Obviously I must be careful with force vectors. If I put too much stress on the normal parts of my body I could do permanent injury. With my metal fist I could certainly punch a hole through an airlock door, but it would probably tear the prosthesis out of its socket. Newton’s laws still apply.

Other laws will have to be rewritten.

24 September 2058

I got to work out with three waldos today. A fantastic experience!

The first one was a disembodied hand and arm attached to a stand, the setup they use to train normal people in the use of waldos. The difference is that I don’t need a waldo sleeve to imperfectly transmit my wishes to the mechanical double. I can plug into it directly.

I’ve been using waldos in my work ever since graduate school, but it was never anything like this. Inside the waldo sleeve you get a clumsy kind of feedback from striated pressor field generators embedded in the plastic. With my setup the feedback is exactly the kind a normal person feels when he touches an object, but much more sensitive. The first time they asked me to pick up an egg, I tossed it up and caught it (no great feat of coordination in lunar gravity, admittedly, but I could have done it as easily in Earth-normal).

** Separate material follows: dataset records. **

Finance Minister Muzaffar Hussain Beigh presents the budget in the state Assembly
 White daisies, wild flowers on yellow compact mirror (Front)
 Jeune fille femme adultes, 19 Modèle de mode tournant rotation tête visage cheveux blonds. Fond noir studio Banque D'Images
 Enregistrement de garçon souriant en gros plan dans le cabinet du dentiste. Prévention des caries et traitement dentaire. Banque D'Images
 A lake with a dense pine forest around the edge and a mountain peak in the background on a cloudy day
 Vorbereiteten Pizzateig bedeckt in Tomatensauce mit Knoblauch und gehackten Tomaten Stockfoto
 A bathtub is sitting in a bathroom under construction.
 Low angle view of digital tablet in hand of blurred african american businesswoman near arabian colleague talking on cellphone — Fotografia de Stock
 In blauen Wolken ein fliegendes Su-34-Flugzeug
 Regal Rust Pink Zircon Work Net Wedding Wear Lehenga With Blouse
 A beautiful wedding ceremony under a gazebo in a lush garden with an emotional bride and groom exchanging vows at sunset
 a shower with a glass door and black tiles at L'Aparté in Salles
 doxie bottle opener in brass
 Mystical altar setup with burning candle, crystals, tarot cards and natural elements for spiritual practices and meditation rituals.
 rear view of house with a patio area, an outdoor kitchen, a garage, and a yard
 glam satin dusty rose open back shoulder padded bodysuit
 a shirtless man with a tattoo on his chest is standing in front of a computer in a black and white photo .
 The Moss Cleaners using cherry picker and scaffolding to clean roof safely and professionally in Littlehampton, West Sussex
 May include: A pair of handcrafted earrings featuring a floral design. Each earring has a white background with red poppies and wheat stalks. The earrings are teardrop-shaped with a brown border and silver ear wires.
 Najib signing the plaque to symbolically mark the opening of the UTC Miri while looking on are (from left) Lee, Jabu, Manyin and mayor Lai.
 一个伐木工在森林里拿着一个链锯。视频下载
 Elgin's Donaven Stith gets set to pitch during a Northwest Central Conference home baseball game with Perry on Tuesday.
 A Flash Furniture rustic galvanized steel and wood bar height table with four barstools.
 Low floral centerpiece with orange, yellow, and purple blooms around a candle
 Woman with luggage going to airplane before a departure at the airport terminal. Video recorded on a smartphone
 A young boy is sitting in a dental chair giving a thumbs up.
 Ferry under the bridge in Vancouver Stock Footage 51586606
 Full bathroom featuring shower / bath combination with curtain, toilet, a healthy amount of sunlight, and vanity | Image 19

The next waldo was a large earthmover that Western Mining uses over at Grimaldi Station. That was interesting, not only because of its size but because of the slight communications lag. Grimaldi is only a few dozen of kilometers away, but there aren’t enough unused data channels between here and there for me to use the land-line to communicate with the earthmover hand. I had to relay via comsat, so there was about a tenth-second delay between the thought and the action. It was a fine feeling of power, but a little confusing: I would cup my hand and scoop downward, and then a split-second too late would feel the resistance of the regolith. And then casually hold in my palm several tonnes of rock and dirt. People standing around watching; with a flick of my wrist I could have buried them. Instead I dutifully dumped it on the belt to the converter.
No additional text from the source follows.